[Crawled caption data]
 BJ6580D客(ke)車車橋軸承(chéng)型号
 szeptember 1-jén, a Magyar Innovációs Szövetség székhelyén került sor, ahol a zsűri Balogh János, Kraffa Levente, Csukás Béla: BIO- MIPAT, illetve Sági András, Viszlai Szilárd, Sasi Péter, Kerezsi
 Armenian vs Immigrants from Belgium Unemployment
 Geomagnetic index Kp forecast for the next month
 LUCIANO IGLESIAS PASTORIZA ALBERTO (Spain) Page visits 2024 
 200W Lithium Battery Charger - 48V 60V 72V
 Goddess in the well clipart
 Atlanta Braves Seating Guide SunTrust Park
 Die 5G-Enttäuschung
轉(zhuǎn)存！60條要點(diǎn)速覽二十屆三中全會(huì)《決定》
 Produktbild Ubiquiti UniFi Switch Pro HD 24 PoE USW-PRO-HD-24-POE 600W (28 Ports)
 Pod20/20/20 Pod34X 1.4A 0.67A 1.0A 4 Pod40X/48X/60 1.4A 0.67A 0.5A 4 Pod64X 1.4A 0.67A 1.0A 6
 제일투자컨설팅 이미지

# WHAT YOU HAVE TO DO:
Set down exactly, and only, the lines from the one containing "Produktbild Ubiquiti UniFi" through the final line of the entries above.

# ANSWER SECTION:
 Produktbild Ubiquiti UniFi Switch Pro HD 24 PoE USW-PRO-HD-24-POE 600W (28 Ports)
 Pod20/20/20 Pod34X 1.4A 0.67A 1.0A 4 Pod40X/48X/60 1.4A 0.67A 0.5A 4 Pod64X 1.4A 0.67A 1.0A 6
 제일투자컨설팅 이미지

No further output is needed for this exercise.